*** Exercise data ***
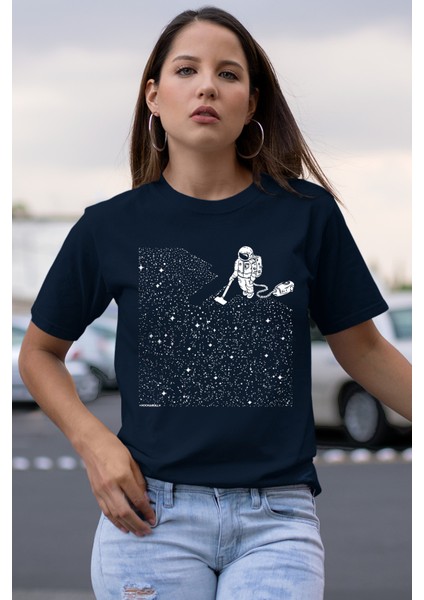 Süpürgeli Astronot Lacivert Kısa Kollu Kadın T-Shirt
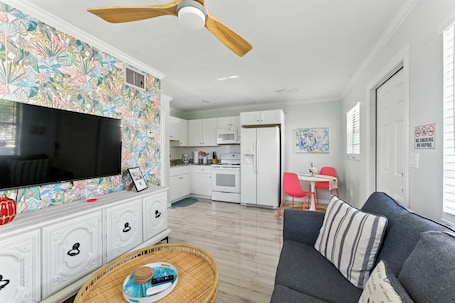 TV. Minutes to Anna Maria - Canal Hangout Onsite Apartment
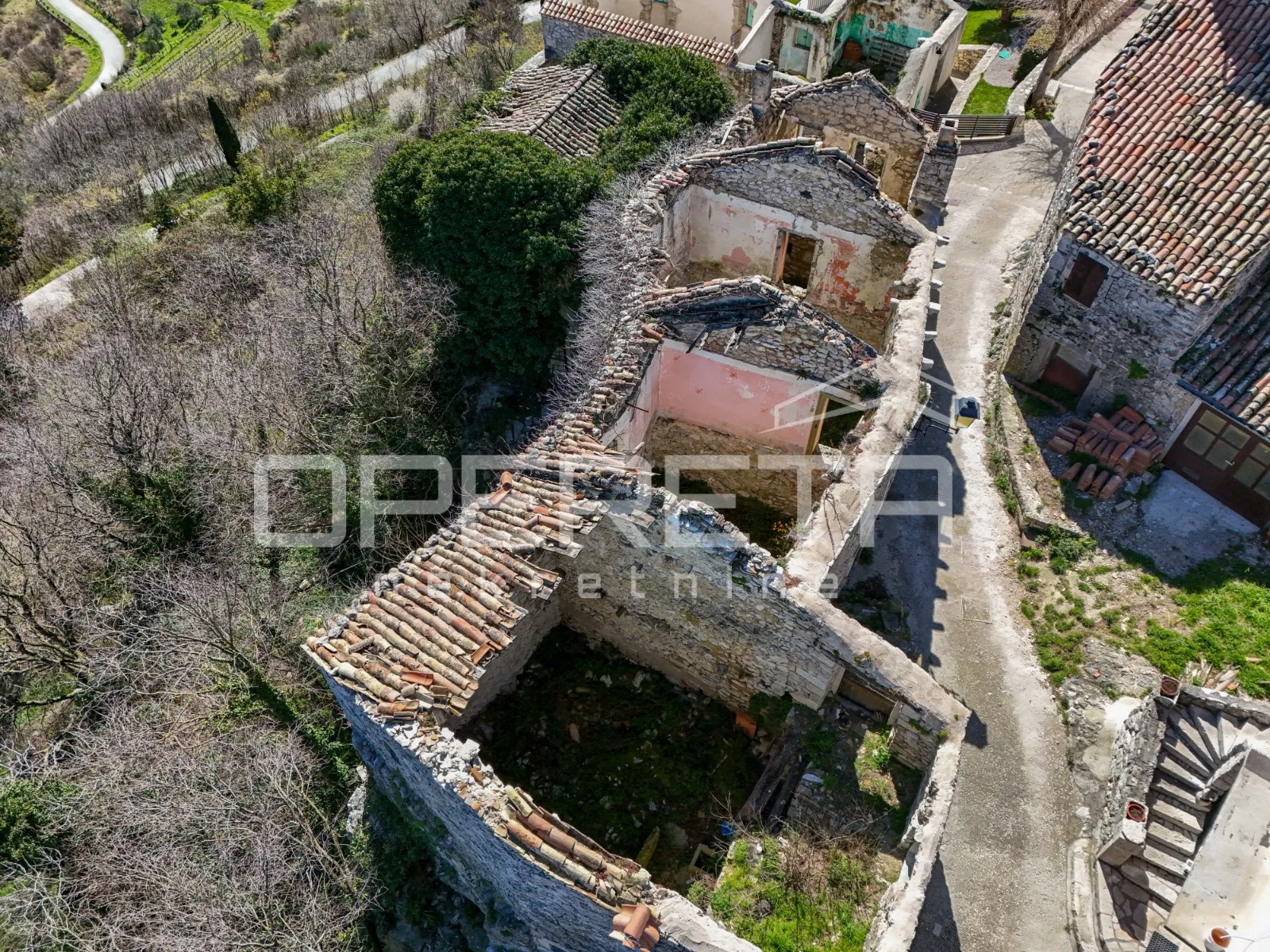 tri kuće u nizu za renovaciju na izvrsnoj lokaciji s panoramskim pogledom - slika 12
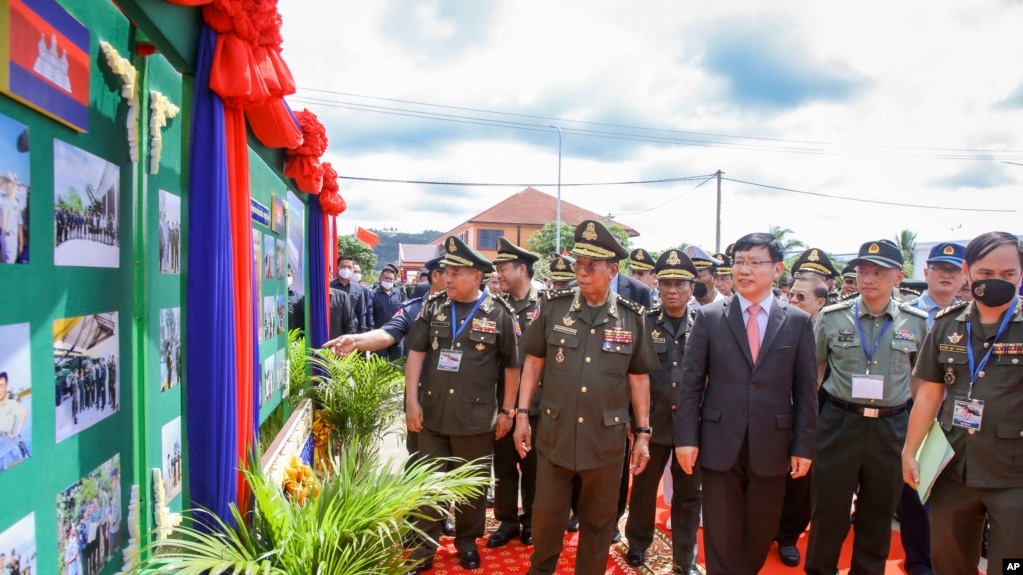 Bộ Trưởng Quốc Phòng Campuchia, Tea Banh (giữa, trái), Đại sứ Trung Quốc tại Campuchia, Wang Wentian (giữa, phải), tại lễ động thổ cơ xưởng sữa chữa tàu tại căn cứ Hải Quân Ream, Sihanoukville, 8 tháng Sáu.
*** End of Exercise data ***
Task instructions ▸
All of the lines above must be printed again exactly, and no picture may appear in the copy.

Task answer ▸
 Süpürgeli Astronot Lacivert Kısa Kollu Kadın T-Shirt
 TV. Minutes to Anna Maria - Canal Hangout Onsite Apartment
 tri kuće u nizu za renovaciju na izvrsnoj lokaciji s panoramskim pogledom - slika 12
 Bộ Trưởng Quốc Phòng Campuchia, Tea Banh (giữa, trái), Đại sứ Trung Quốc tại Campuchia, Wang Wentian (giữa, phải), tại lễ động thổ cơ xưởng sữa chữa tàu tại căn cứ Hải Quân Ream, Sihanoukville, 8 tháng Sáu.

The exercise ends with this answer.